Lorenzo Sonego compie una magia: dopo Dominic Thiem, batte anche Andrey Rublev e riporta un italiano in semifinale agli Internazionali d’Italia, come non succedeva dal lontano 2o07. Sulla terra rossa del Foro Italico, il torinese ha lottato e piegato il russo numero 7 al mondo in rimonta al terzo set, dopo oltre 2 ore e mezza di partita. 3-6, 6-4, 6-3 il risultato finale.

Quattordici anni dopo l’ultima volta un italiano è in semifinale a Roma. Se nel 2007 era stato Filippo Volandri, questa volta tocca a Sonego centrare il prestigioso e storico traguardo. Il 26enne azzurro ha battuto nei quarti di finale il numero 7 del mondo. Un’impresa che segue la grande vittoria degli ottavi di finale contro l’austriaco Thiem, numero 4 del ranking, per 6-4 6-7 7-6. Così Sonego ha conquistato la prima semifinale in un Masters 1000 della sua carriera. Ora però di fronte a lui avrà il migliore, il numero uno del mondo Novak Djokovic.

La partita – Il quarto di finale di Sonego inizia con tutta la pesantezza dell’appuntamento storico. Rublev ne approfitta e strappa subito il break al torinese. Uno svantaggio che l’italiano non riesce a ricucire: 6-3. Nel secondo set però la gara cambia. Sonego va avanti di un break e si scuote dalla tensione, mantenendo il vantaggio con personalità fino alla fine: 6-4. Nel terzo set l’equilibrio regna. Sonego è bravo a respingere i tentativi del russo sul 2-1 senza concedere palle break. È il preludio all’allungo decisivo. Tre occasioni consecutive per strappare il servizio all’avversario nel game successivo. Basta la prima. Rublev prova a rientrare sul 4-3 ma Sonego salva e mantiene il vantaggio. È l’ultimo momento di pericolo. Quello che anticipa l’urlo dell’azzurro e il boato di uno stadio intero al secondo match point. Il diritto di Rublev è in corridoio.

La semifinale – L’impresa di Sonego esalta Roma e pone finalmente i riflettori sul più sottovalutato (finora) della nuova generazione azzurra. Un giocatore che fa del sacrificio e della grinta punti cardine del proprio gioco. Doti che adesso gli hanno regalato un piccolo posto nella storia del tennis azzurro. Ora avrà di fronte Djokovic.

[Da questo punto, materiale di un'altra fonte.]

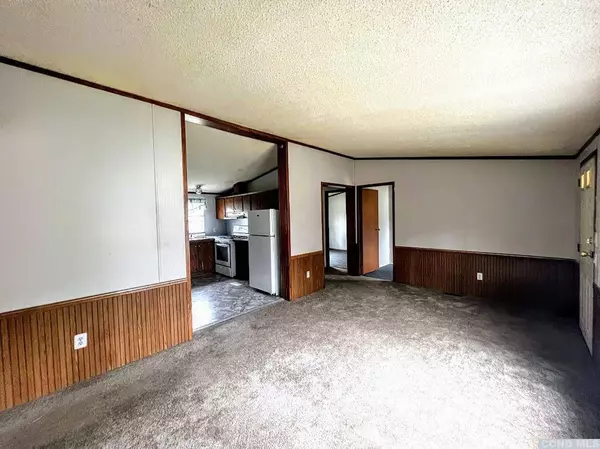 18 Glueck LN, Palenville, NY 12463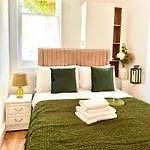 St Johns 2Bedroom Apartment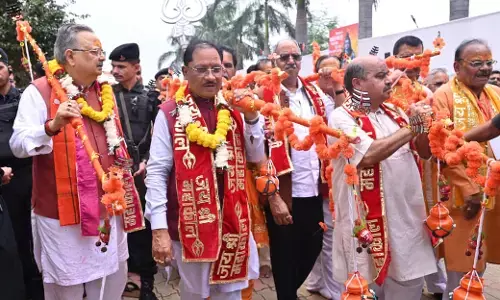 Raipur City News : सावन में शिवभक्ति में डूबा रायपुर, सीएम विष्णुदेव साय ने किया रुद्राभिषेक, हजारों कांवड़िए हटकेश्वरनाथ महादेव के लिए रवाना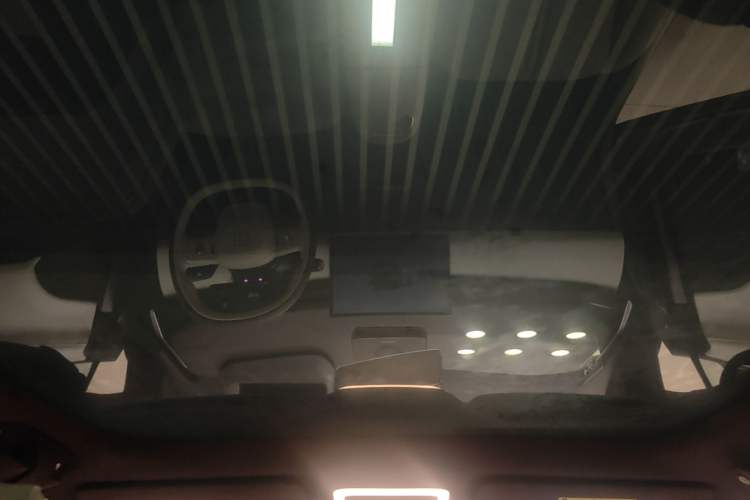 Used Zeekr X 2025 Four-Seater Rear-Drive Cube Version Headliner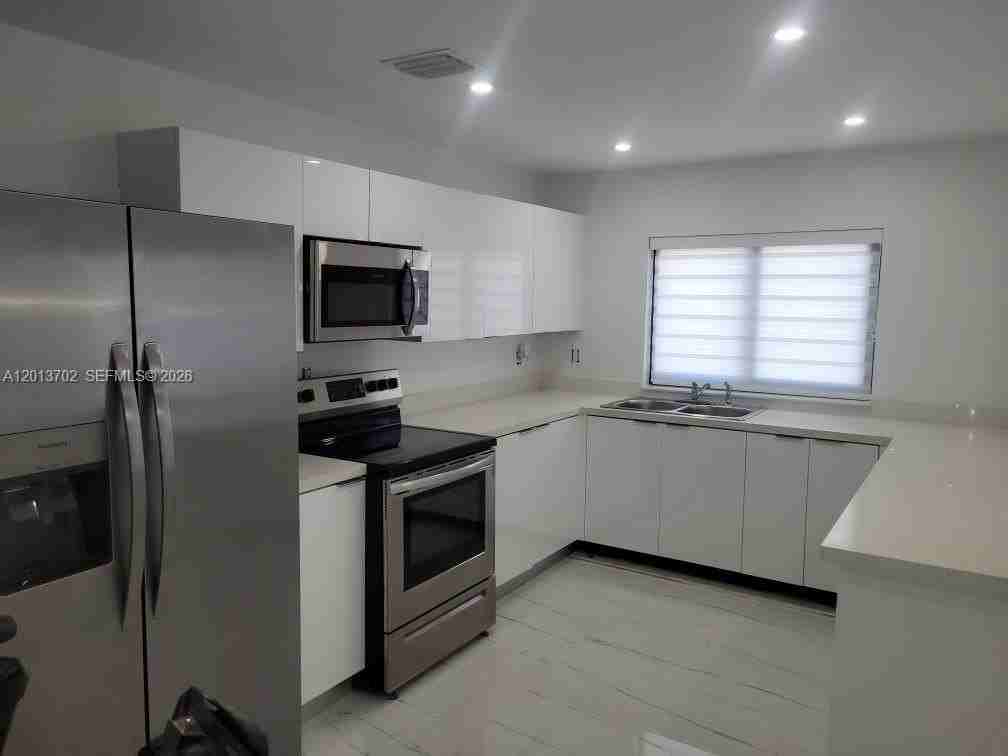 12686 Nw 11th St - Photo 5 of 13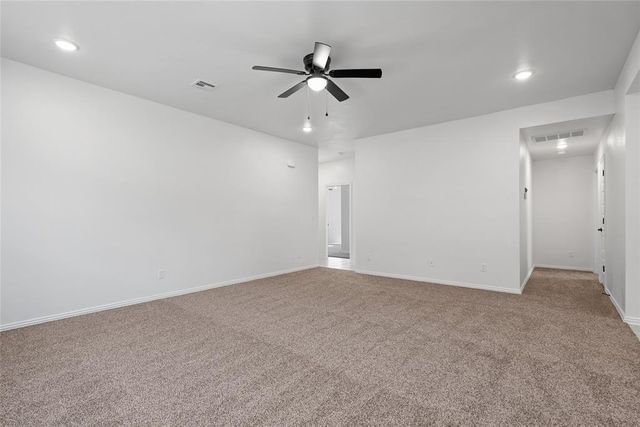 804 Chateau Court, Kingfisher, OK 73750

Il serbo ha vinto una grande battaglia contro il greco Stefanos Tsitsipas (numero 5 del mondo) per 4-6 7-5 7-5. La sfida al numero 1 del mondo sembra quasi impossibile, ma l’azzurro può giocarsi le sue chance. Sonego ha dimostrato più di una volta – soprattutto in questi Internazionali d’Italia – di essere all’altezza nelle partite più importanti e stimolanti. Poi c’è il precedente di Vienna 2020: 6-2 6-1 nei quarti di finale. In più va considerato il fattore recupero. Sia Sonego che il numero 1 del mondo (di scena questa sera a partire dalle 18.30) hanno giocato match duri terminati al terzo set, ma Djokovic ha speso di più – a livello non solo fisico ma soprattutto psicologico – rispetto all’italiano. Un aspetto che può alimentare le speranza. Così come potrebbe essere importante la presenza del pubblico sugli spalti.

In classifica adesso Sonego supera Fabio Fognini e si attesta al numero 28 del ranking. Nella Race invece il balzo è importante: 13esimo. Tradotto: ci sono tre italiani nei primi 15 posti della classifica che porta alle Atp Finals di Torino. Una situazione che i punti del Roland Garros potrebbero addirittura migliorare tra due settimane.